L’Orestea ha molte facce: una di esse è il racconto del cammino dell’uomo dallo stato primitivo in cui – per dirla con le parole di Pasolini - “a parola di odio risponde parola di odio” e “per sangue sparso si spande altro sangue” a uno stato di cose nuovo, in cui alla Vendetta si sostituisce la Legge, del cui rispetto devono farsi garanti gli uomini stessi: il principio secondo cui il compito di punire un assassino spetta ai congiunti dell’assassinato viene superato dall’istituzione di un tribunale, il cui compito consiste appunto nel giudicare con giustizia l’accusato.
L’Orestea diventa quindi il racconto tragico del percorso – lungo e difficile – dell’uomo-cittadino verso la legalità: quale altro testo antico può rappresentare così bene la realtà che vive oggi la Sicilia? In un momento storico in cui dalla società civile siciliana, anche grazie al lavoro svolto da associazioni come “Addio Pizzo”, viene con forza espressa la necessità di lasciarsi alle spalle l’immagine di una Sicilia connivente con la mafia, di una Sicilia che paga il pizzo, e di costruire invece un percorso comune verso la legalità, la messa in scena dell’Orestea a Siracusa diventa di un’attualità evidente.

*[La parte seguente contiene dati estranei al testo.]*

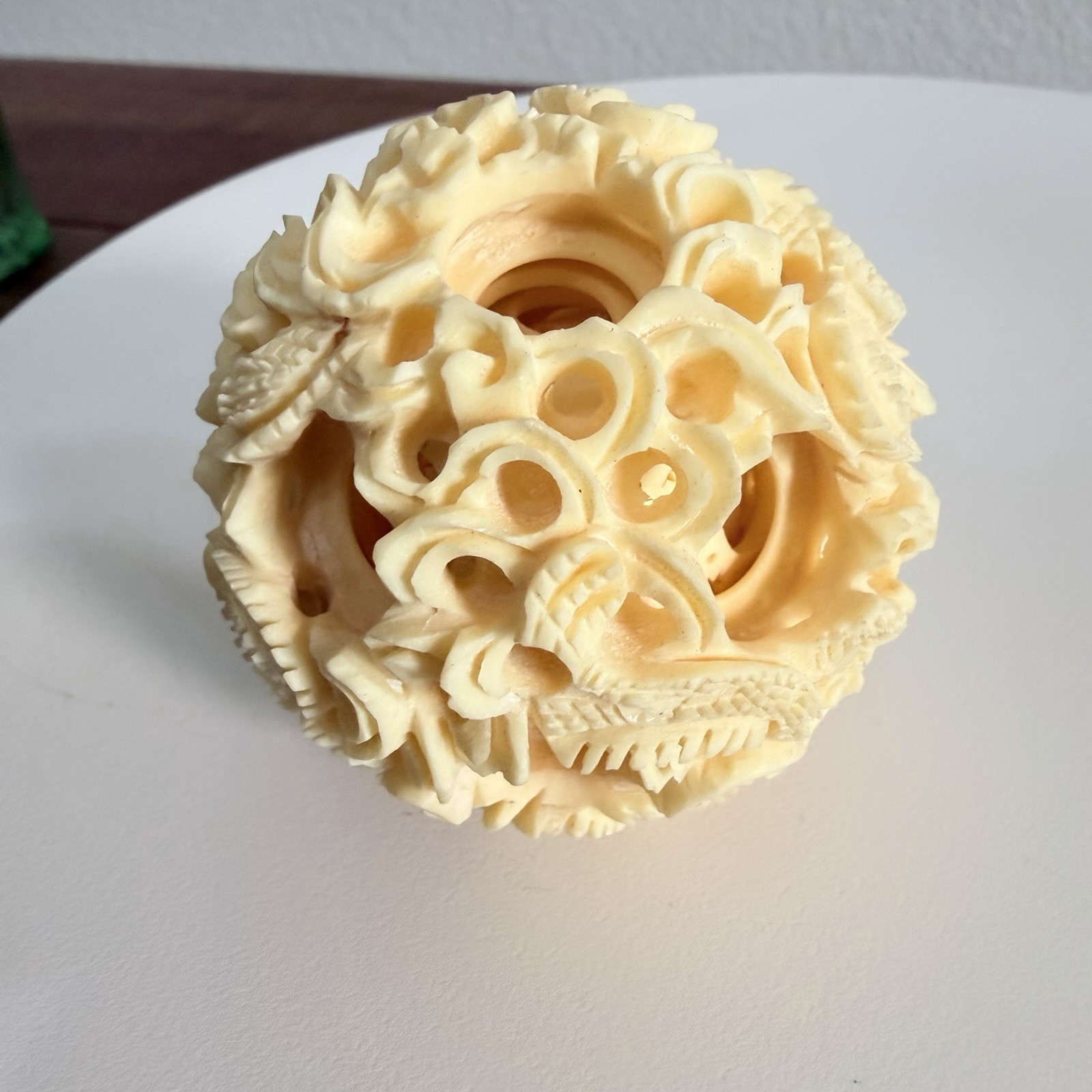 Vintage Hand‑Carved Puzzle Ball Sphere – Intricate Asian Décor 8 Layer Dragon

Nel 1991, poco tempo prima di venire assassinato, Libero Grassi scriveva: “La decisione scandalosa del giudice istruttore di Catania che ha stabilito con una sentenza che non è reato pagare la 'protezione' ai boss mafiosi, è sconvolgente. In questo modo è stato legittimato con il verdetto dello Stato il pagamento delle tangenti. […] Stabilire che in Sicilia non è reato pagare la mafia è ancora più scandaloso delle scarcerazioni dei boss. Ormai nessuno è più colpevole di niente. […] Ora più che mai le associazioni imprenditoriali che non si impegnano sinceramente su questo fronte vanno messe al muro. La risposta infatti deve essere collettiva per spersonalizzare al massimo la vicenda” (dalla lettera di Libero Grassi pubblicata dal "Corriere della Sera" il 30 agosto 1991). Sedici anni dopo, nel 2007, nasce "Libero Futuro", la prima associazione antiracket fatta di imprenditori e commercianti palermitani.
Un lungo cammino, dunque: e perché questo cammino porti davvero a un cambiamento reale che trovi respiro nei fatti e non nelle parole soltanto, è necessario l’impegno di tutti, dei cittadini, delle istituzioni.
Anche il teatro – ne sono convinta – può fare molto, può svolgere un ruolo serio e determinante. Dice Ariane Mnouchkine: “Il peso politico di uno spettacolo non fa alzare la gente dalla sala per andare a fare la rivoluzione il giorno successivo. A mio avviso, ci saranno – può essere – tre o quattro persone che, alla fine dello spettacolo, saranno un po’ meno barbare nella loro esistenza. S’interrogheranno su qualche problema, saranno più compassionevoli o più attenti o più fraterni verso il genere umano. Il teatro ha dunque un ruolo pedagogico civilizzatore, ma tutti sanno che la civilizzazione non si costruisce da un giorno all’altro” (da un’intervista ad Ariane Mnouchkine, 1998).